(Items from a dataset)
──────────────────────────────
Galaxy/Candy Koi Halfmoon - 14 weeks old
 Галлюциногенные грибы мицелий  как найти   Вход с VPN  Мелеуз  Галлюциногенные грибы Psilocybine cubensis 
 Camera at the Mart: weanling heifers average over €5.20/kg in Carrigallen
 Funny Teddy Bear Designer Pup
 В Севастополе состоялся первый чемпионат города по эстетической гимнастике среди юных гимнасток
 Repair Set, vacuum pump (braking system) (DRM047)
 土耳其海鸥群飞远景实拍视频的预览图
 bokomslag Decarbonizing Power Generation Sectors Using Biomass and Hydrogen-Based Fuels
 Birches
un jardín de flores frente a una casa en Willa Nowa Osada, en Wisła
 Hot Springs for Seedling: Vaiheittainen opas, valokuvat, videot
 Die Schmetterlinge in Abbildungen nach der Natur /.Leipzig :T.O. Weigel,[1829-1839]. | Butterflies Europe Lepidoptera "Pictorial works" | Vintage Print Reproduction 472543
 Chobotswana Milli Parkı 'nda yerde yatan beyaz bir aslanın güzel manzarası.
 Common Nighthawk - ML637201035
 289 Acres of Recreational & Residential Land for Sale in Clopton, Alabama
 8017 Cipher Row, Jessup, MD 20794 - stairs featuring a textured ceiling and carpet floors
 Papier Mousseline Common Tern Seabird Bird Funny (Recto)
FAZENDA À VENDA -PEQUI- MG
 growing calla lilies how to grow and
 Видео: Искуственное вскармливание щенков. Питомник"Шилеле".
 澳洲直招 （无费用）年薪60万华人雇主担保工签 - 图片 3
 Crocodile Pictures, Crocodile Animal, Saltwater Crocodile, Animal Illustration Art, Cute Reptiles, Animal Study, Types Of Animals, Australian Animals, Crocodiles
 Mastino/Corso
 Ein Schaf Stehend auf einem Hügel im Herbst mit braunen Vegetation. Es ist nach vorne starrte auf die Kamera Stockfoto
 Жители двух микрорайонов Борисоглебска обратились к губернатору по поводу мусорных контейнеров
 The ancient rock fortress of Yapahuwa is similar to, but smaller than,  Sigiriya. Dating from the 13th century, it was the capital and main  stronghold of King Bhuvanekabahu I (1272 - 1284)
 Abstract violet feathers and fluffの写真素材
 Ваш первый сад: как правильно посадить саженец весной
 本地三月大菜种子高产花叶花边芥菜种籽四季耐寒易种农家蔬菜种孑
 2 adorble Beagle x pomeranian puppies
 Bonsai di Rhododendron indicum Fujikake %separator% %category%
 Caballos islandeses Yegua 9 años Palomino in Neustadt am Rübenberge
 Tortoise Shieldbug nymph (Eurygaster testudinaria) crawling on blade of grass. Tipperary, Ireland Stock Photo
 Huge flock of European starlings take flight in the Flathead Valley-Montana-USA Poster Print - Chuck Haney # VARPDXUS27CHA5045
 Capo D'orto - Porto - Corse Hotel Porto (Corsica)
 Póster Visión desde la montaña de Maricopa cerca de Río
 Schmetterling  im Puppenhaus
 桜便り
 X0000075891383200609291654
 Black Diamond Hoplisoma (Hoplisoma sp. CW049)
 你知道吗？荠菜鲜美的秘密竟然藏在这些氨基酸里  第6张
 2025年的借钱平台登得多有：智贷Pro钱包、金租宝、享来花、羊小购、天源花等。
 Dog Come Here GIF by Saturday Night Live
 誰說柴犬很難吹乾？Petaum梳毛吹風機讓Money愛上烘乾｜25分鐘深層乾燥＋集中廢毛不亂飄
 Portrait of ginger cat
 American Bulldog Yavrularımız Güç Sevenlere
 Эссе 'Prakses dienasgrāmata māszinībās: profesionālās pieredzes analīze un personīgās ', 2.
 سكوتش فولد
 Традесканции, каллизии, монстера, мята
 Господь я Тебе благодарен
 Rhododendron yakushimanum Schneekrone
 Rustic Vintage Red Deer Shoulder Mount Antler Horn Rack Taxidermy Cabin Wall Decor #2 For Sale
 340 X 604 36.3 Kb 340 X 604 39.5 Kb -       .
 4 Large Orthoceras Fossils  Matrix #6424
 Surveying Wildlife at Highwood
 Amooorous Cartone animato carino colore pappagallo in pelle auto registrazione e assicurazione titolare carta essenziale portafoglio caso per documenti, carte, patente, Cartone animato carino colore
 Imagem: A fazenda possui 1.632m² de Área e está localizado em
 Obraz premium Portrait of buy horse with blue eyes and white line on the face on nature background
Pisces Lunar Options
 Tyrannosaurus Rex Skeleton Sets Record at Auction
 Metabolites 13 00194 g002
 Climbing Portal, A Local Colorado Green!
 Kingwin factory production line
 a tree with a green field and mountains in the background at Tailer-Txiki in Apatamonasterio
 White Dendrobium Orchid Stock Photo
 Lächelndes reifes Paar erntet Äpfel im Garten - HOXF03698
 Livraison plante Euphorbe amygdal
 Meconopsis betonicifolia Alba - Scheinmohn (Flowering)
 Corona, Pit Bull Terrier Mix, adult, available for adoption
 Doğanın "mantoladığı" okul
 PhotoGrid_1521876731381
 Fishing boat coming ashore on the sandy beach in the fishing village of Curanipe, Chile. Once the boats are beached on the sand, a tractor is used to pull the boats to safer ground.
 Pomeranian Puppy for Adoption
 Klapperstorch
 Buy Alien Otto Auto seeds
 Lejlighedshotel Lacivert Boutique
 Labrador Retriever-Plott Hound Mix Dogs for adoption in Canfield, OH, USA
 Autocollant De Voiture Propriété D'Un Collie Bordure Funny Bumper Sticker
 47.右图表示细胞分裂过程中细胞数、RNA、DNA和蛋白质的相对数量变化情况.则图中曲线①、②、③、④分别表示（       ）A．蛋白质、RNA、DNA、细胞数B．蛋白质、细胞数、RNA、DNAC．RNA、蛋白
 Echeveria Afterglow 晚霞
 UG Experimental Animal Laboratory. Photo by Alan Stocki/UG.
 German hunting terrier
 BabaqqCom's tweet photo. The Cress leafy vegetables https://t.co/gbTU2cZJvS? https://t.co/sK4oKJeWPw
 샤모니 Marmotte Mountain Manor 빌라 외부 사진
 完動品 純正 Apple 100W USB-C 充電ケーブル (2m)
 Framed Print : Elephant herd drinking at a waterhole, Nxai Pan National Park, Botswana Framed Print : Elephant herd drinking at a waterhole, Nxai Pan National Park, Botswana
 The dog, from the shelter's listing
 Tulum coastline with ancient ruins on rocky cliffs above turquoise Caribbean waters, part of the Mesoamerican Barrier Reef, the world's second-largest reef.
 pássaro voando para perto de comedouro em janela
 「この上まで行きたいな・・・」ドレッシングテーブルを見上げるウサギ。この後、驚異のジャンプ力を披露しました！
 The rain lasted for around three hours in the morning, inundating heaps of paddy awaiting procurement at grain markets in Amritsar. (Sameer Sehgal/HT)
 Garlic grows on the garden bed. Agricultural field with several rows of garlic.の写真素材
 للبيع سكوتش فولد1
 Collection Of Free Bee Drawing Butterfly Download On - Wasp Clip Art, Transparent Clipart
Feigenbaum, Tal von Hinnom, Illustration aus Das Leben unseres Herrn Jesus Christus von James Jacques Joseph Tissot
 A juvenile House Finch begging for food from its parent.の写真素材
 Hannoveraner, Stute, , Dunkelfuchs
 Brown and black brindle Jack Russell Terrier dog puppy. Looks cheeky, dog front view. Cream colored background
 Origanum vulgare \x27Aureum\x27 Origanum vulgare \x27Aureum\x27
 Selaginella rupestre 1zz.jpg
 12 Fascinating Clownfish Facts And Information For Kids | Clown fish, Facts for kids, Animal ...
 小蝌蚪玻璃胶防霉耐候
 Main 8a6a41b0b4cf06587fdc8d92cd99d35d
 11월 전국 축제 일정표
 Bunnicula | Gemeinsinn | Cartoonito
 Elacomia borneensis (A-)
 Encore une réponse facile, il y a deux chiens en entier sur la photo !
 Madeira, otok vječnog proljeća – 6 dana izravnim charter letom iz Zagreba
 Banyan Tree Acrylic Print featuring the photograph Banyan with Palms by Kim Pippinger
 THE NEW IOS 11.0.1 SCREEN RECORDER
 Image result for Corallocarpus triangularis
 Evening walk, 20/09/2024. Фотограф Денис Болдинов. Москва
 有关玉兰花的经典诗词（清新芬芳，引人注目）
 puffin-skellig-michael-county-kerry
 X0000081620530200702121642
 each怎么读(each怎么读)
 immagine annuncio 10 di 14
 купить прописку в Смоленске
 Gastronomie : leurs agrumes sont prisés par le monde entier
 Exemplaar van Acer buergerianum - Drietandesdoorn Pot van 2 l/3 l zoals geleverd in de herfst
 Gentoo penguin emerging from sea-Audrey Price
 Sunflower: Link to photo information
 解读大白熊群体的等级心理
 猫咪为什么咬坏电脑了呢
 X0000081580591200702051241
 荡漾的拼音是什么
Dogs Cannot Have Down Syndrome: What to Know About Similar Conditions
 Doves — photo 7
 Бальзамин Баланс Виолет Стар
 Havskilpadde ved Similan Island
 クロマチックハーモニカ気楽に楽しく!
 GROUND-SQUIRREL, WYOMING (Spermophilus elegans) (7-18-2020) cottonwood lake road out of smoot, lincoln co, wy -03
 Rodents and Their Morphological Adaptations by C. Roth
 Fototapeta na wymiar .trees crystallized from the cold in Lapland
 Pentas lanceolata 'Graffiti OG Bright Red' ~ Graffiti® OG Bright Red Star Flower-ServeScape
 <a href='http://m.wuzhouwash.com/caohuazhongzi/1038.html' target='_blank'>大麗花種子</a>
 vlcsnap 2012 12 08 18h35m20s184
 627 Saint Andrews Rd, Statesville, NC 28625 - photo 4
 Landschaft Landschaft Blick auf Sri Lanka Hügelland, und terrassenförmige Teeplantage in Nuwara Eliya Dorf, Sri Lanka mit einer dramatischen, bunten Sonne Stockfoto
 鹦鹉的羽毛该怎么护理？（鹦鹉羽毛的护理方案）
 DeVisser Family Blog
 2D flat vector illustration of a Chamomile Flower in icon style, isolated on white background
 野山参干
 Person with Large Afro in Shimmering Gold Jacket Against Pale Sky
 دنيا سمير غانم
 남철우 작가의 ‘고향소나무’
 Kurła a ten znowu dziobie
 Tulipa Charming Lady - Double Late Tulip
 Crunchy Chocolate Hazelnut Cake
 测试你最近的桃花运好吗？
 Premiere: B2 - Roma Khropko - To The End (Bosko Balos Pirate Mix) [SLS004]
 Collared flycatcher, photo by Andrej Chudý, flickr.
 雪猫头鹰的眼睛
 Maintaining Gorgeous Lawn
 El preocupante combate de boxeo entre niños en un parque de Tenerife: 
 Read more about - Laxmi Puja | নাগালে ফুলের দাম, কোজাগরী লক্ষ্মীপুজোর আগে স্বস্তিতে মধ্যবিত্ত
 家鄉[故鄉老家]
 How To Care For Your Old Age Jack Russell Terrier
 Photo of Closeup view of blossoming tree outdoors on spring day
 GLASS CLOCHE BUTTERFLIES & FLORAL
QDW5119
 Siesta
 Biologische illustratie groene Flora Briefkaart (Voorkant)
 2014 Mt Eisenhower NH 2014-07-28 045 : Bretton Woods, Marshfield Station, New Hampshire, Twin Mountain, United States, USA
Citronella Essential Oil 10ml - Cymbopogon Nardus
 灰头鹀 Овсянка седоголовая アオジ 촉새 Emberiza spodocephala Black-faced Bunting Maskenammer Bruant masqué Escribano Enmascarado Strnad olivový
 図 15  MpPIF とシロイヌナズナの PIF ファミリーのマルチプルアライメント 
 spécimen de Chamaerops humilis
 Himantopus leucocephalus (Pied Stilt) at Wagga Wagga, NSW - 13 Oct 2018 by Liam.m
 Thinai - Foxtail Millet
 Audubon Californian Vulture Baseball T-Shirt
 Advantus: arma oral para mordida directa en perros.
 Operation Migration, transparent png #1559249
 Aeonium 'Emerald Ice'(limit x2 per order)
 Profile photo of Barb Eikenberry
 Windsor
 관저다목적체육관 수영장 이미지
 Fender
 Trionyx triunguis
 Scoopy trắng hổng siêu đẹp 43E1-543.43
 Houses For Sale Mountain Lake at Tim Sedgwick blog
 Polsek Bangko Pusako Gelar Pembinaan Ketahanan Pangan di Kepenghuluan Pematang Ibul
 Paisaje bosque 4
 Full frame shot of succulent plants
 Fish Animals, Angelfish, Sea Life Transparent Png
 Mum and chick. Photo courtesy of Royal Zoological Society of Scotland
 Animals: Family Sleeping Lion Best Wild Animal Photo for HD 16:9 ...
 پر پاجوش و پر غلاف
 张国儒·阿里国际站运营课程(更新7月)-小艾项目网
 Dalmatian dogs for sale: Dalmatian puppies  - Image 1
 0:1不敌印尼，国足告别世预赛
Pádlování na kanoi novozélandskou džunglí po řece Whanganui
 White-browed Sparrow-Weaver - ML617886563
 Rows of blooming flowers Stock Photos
──────────────────────────────
- [Task directions]:
Set down exactly the lines of the data above, beginning with the line that has "Camera at the" and ending with the line that has "土耳其海鸥群飞远景实拍视频的预览图", and no others.

- [Solution for this problem]:
 Camera at the Mart: weanling heifers average over €5.20/kg in Carrigallen
 Funny Teddy Bear Designer Pup
 В Севастополе состоялся первый чемпионат города по эстетической гимнастике среди юных гимнасток
 Repair Set, vacuum pump (braking system) (DRM047)
 土耳其海鸥群飞远景实拍视频的预览图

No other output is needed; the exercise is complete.